Torture or Treatment?
Torture or Treatment:Would You Participate?
Writing in Psychiatric Times for July 30, 2010, H. Steven Moffic, MD, raises the question, would you ever participate in torture? It may seem that this subject has been argued to death, but he puts it in a rather interesting “real world” context.
…..First of all, he notes that while the issue of the involvement of mental health professionals in interrogations at Guantanamo and elsewhere have received a great deal of attention, allegations of the use of electric shocks and other aversive techniques in the treatment of adults and children with disabilities living at a Massachusetts residential school (arguably also torture) have received far less attention.
…..He also points out a number of ambiguities in the anti-torture statements of each of the major organizations of the “helping professions.”
“All of this leaves me a bit–or maybe more than a bit–uneasy. How can a simple position statement do justice to the complexity of these situations? Why all the attention to military torture, as very few of us work in such settings, while the more common residential facilities for adolescents are ignored? What about jails and prisons, where mental health professionals commonly work, and where reports of inmate abuse are common?”
Moffic has served in the military, and also works part time in a prison where, as he notes, “security is clearly the priority over healthcare.” However, he specializes in the treatment of refugees, many of whom suffer from PTSD.
“It is easy to claim the presumed high ethical ground when one is not involved in the real life situation at hand.

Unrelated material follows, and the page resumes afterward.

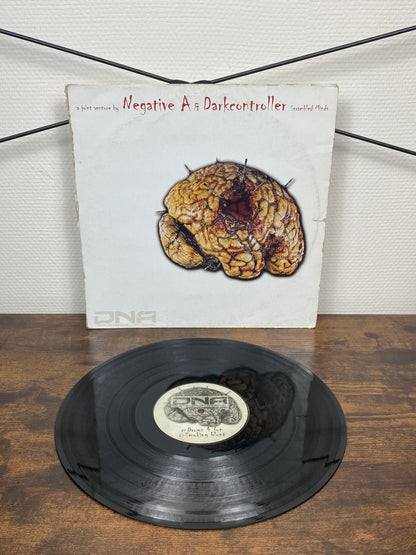 (2004) Negative A & Darkcontroller – Scrambled Minds (Vinyl)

It is also easy to project and proclaim strong positions in order to cover our own inadequacies and anxiety. So I try to imagine a scenario where I am put in the position of being asked–or ordered–to help out at an interrogation and I think (however erroneously) that my knowledge might help prevent the harm or death of a loved one, colleagues, or many soldiers or citizens. Should I always follow the position statement of the American Psychiatric Association, or justify an exception? What would you do under such circumstances?”